Kai C. Hultzsch, PhD, Rutgers, the State University of New Jersey
The reaction mechanism of alkali, alkaline earth, and rare earth metal-based hydroamination catalysts is believed to proceed via the insertion of the C=C double bond into a metal-amide bond, followed by protonolysis to regenerate the catalytic metal amide species (Scheme 1). Rare earth metal-based catalyst systems are commonly thought to involve a rate-determining olefin insertion step and fast protonolysis. The relative rate of the two steps is less clear for catalysts based on alkaline earth metals, because these catalysts predominantly display a first order rate dependence on substrate concentration in disagreement to a fast protonolysis step. One hypothesis has been that a coordinated amine molecule could assist in a concerted non-insertive N-C ring closure with concurrent amino proton transfer from the amine onto the olefin (Scheme 2), effectively combining the insertion and protonolysis step to a single step. An alternative scenario would imply a reversible olefin insertion step and a rate-determining protonolysis step (Scheme 3). In order to probe these mechanistic scenarios we set out to study the mechanism experimentally and computationally in collaboration with Dr. Sven Tobisch at the University of St Andrews utilizing newly developed model catalyst systems prepared in our group (Scheme 4).
Scheme 1. Insertion mechanism for the hydroamination/cyclization of aminoalkenes.
Scheme 2. Proposal for a concerted non-insertive N-C ring closure with concurrent amino proton transfer onto the olefin in the hydroamination/cyclization (RRxNH = substrate or hydroamination product).
Scheme 3. Proposal for an alternative mechanistic scenario with reversible olefin insertion and rate-determining protonolysis (RDS = rate determining step).

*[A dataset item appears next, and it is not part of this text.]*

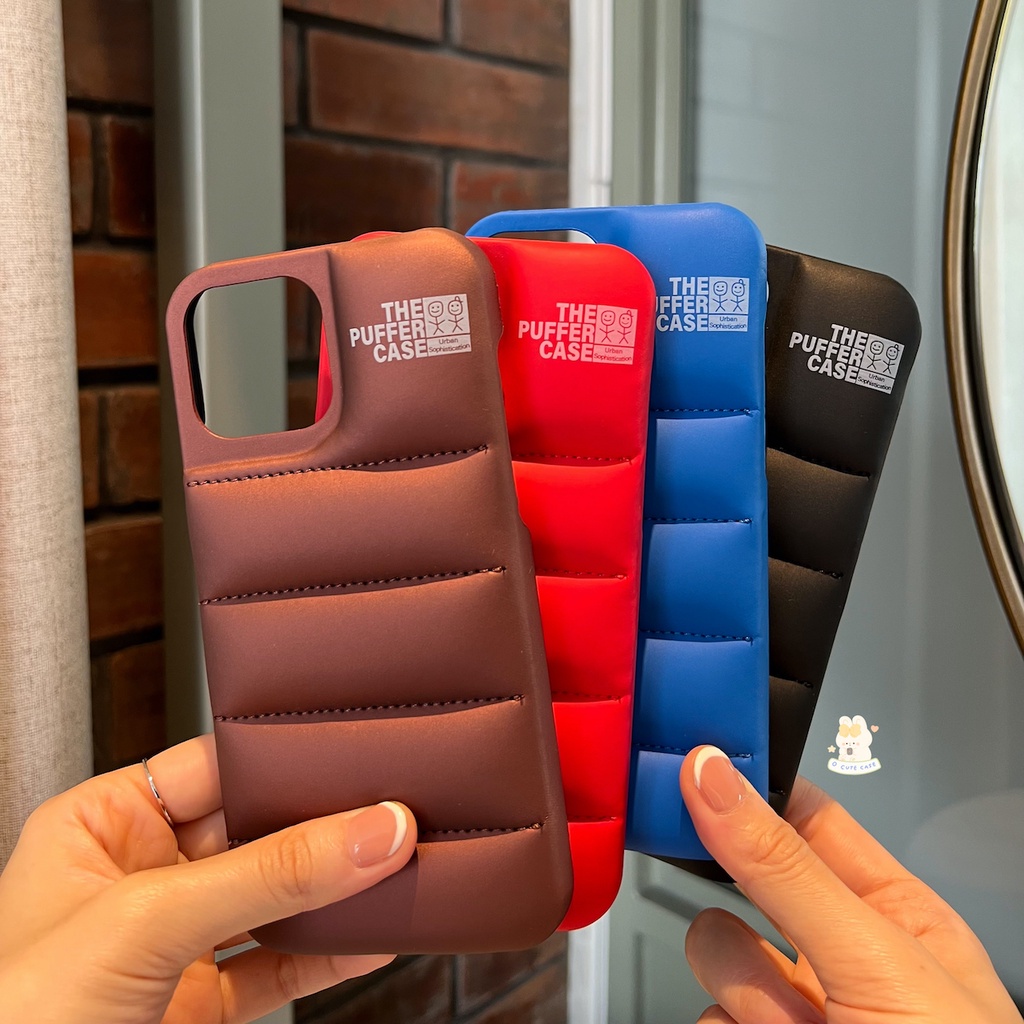 READY | The Puffer Case Black Brown Lilac Pink Iphone X - 13 Pro Max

Scheme 4. Synthesis of phenoxyamine magnesium model catalyst systems.
Figure 1. Catalytic hydroamination/cyclization of aminoalkenes using the model catalyst systems 1 and 2.
Complex 1 proved to be significantly less stable and also less catalytically active (Figure 1) than the sterically more hindered complex 2; therefore, subsequent mechanistic and kinetic investigations were performed with catalyst 2.

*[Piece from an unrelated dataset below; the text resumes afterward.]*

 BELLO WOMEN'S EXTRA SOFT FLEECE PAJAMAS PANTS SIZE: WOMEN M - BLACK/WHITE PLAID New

Kinetic studies with catalyst 2 showed that the reactions are first order in aminoalkene substrate and first order in catalyst (Figure 2 and 3). The activation parameters for the cyclization of 2,2-dimethylpent-4-en-1-amine were determined as ΔH# = 10.5 ± 0.4 kcal mol–1 and ΔS# = 45.7 ± 1.4 cal K–1 mol–1. Using an N-deutero substrate we were able to establish a significant primary kinetic isotope effect of 3.9 for this catalyst system. Batch-wise addition of substrate also suggests that the catalyst system exhibits product inhibition. An important mechanistic observation is the fact that the cyclization does proceed only if more than one equivalent of aminoalkene substrate (with respect to the magnesium catalyst) is present in the reaction mixture, thus indicating that two substrate molecules are bound to the catalytic metal center in order for the reaction to proceed.
Figure 2. Time dependence of substrate concentration in the hydroamination/cyclization of (1-allylcyclohexyl)methylamine ([subst.]0 = 0.167 mol L–1) in C6D6 at 25 °C using varying concentrations of 2. The reaction is first order in substrate.
Figure 3. Dependence of catalyst concentration on observed rate for the hydroamination/cyclization of (1-allylcyclohexyl)methylamine ([subst.]0 = 0.167 mol L–1) with catalyst 2 in C6D6 at 25 °C. The reaction is first order in catalyst.
The DFT study performed by Dr. Tobisch at the University of St Andrews on catalyst system 1 in the cyclization of 2,2-dimethylpent-4-en-1-amine revealed that the two-step insertion/protonolysis mechanism prevails over a concerted mechanism. The insertion appears to be reversible with an activation barrier of 10.4 kcal mol–1 (Figure 4a). The subsequent protonolysis is rate-determining with an activation barrier of 23.6 kcal mol–1 (Figure 4b). A concerted N-C ring-closure/protonolysis pathway can be discarded due to a significant higher activation barrier of 29.7 kcal mol–1 (Figure 4c).
Figure 4. Computed transition state energies: a) migratory olefin insertion into the Mg-N amido s-bond; b) Mg-C protonolysis; c) non-insertive N-C ring closure with concurrent amino proton transfer onto the olefin.